7.1.1. The buffer and its properties¶
Inside the Image is a pointer to a contiguous
block of bytes in RAM and a small header carrying
three pieces of metadata: the image’s width in
pixels, its height in pixels, and the pixel format
the bytes are in. The bytes are the pixels
themselves, stored in row-major order – all of the
top row’s pixels first, then all of the second row’s,
and so on down to the bottom. The properties describe
how to read them.
Width and height are plain integer counts. The pixel
format is the more interesting property, because it sets
how many bytes each pixel takes and what those bytes
encode. A grayscale image carries one byte per pixel
holding a brightness value. An RGB565 image carries
two bytes per pixel holding red, green, and blue
fields packed into a 16-bit word. A Bayer image
carries one byte per pixel, but each pixel is sampled
through one of three colour filters chosen by its
position in the mosaic.
Vision Sensors
enumerated the whole catalogue; what matters here is that
exactly
one of those formats is set on every Image, and
the choice drives the bytes-per-pixel arithmetic and
the meaning of any single byte in the buffer.
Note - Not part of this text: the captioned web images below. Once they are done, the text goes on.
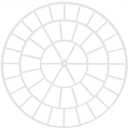 Plastic Egg Turner Tray Replacement Fits Nurture Right 360 Incubator For Hatching Eggs, Tray Attachment For Monitor Eggs From Any Angle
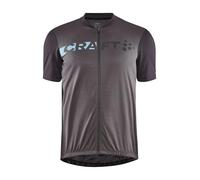 Maillot manches courtes craft core endur gris fonce bleu marine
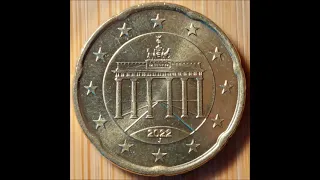 20 cents 2022 Germany (J)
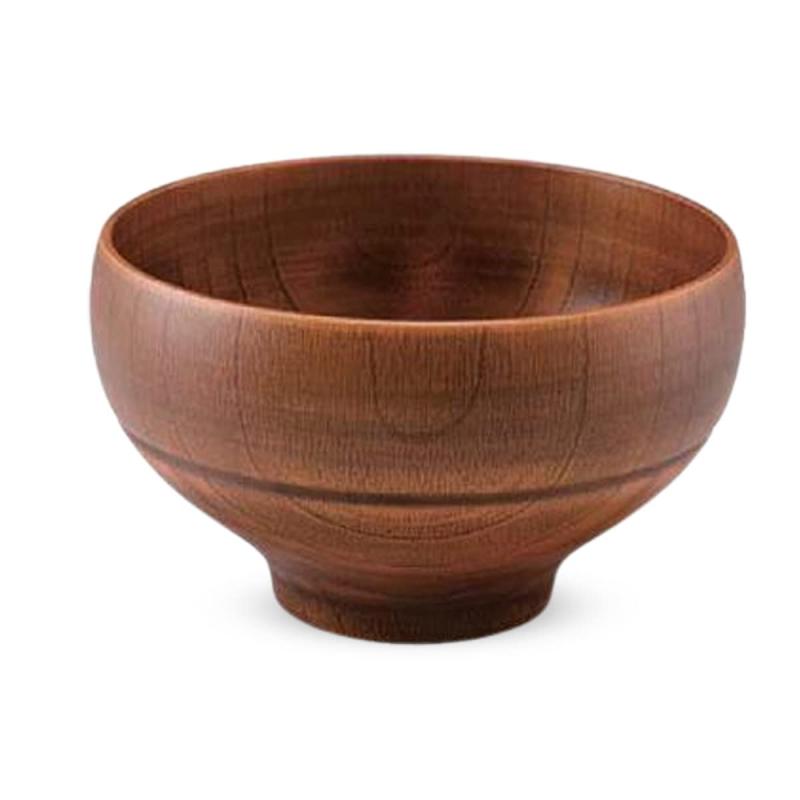 J-kitchens 味噌汁 茶碗 汁椀 煮物椀 耐熱 ひょっとこ 汁椀 摺り 6-174-4  日本製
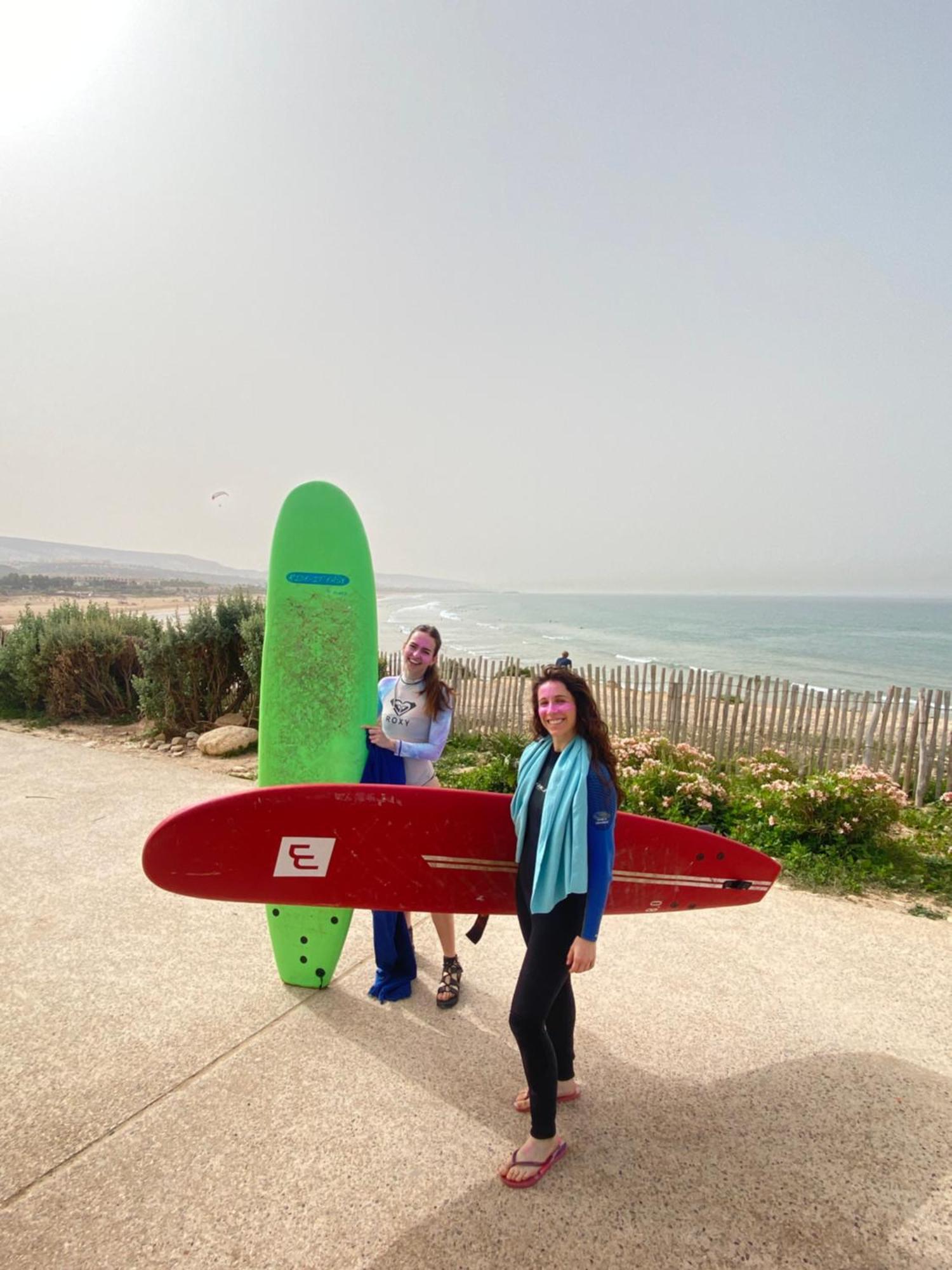 Nizar Surf Morocco Hostel Taghazout Exterior photo
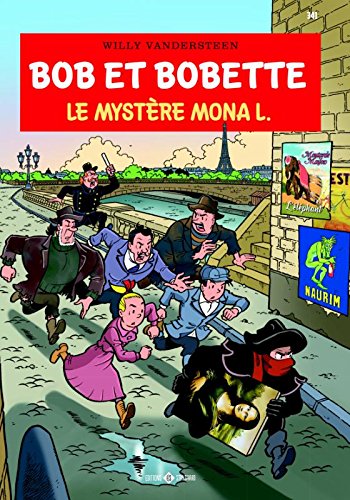 Le mystère Mona L. (Bob et Bobette, 341) von WPG Uitgevers BE - Algemeen
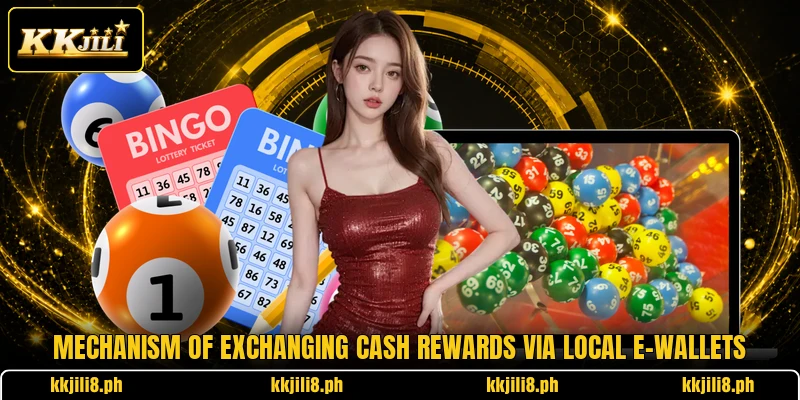 Mechanism of exchanging cash rewards via local e-wallets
With a pointer to the buffer, the width, the height,
and the format, every other property an algorithm
might want falls out as a short calculation. The byte
that begins pixel (x, y) sits at offset
(y * width + x) * bytes_per_pixel from the start
of the buffer. The total byte count is
width * height * bytes_per_pixel. The address of
the next row down is exactly width *
bytes_per_pixel bytes after the start of the
current one. The Image exposes the three
properties through plain method calls –
width(),
height(),
format() – plus the derived
size through size(). Methods
elsewhere in the module use those values to do the
offset arithmetic themselves; application code rarely
has to.
An Image is a small Python wrapper that points
at a contiguous block of memory: a header carrying
the width, height, and pixel format, followed by
the pixel buffer itself.¶
7.1.2. Where the buffer comes from¶
The default story throughout this chapter is the one
Vision Sensors already covered: a captured frame
arrives from snapshot, the bytes are sitting in
the camera’s frame buffer, and the returned Image
points at them. Three other ways of obtaining one
come up regularly, and each implies something
different about where the buffer ends up.
Loading from a file looks like passing a path to the
constructor: image.Image("/sdcard/saved.jpg"). The
module reads the file into a freshly allocated
buffer on the Python heap. BMP, PGM, and PPM files
get decoded on the way in and the resulting
Image carries an uncompressed pixel format.
JPEG and PNG files stay compressed – the
Image carries the format
JPEG or PNG, and the
buffer holds the file’s byte stream essentially
unchanged. To do any pixel-level work on a
compressed image, the application converts it
through to_rgb565() or
to_grayscale() first, and that
conversion is where decompression – and the
corresponding heap balloon, where a 30 KB JPEG can
become 600 KB of RGB565 – actually happens.
Loading from file is most useful during development,
when an algorithm needs to be tested against a
known reference frame stored alongside the script.
Building one from scratch is the canvas case:
image.Image(320, 240, image.RGB565) asks the
module to allocate that many bytes in that format,
zero the contents, and hand the wrapper back. The
pixels do not mean anything yet – they are all
zero – but the empty image is the workhorse for a
handful of recurring patterns: reference frames
against which a current frame gets subtracted,
canvases on which graphics overlays get composed,
binary buffers that get filled in and used as masks.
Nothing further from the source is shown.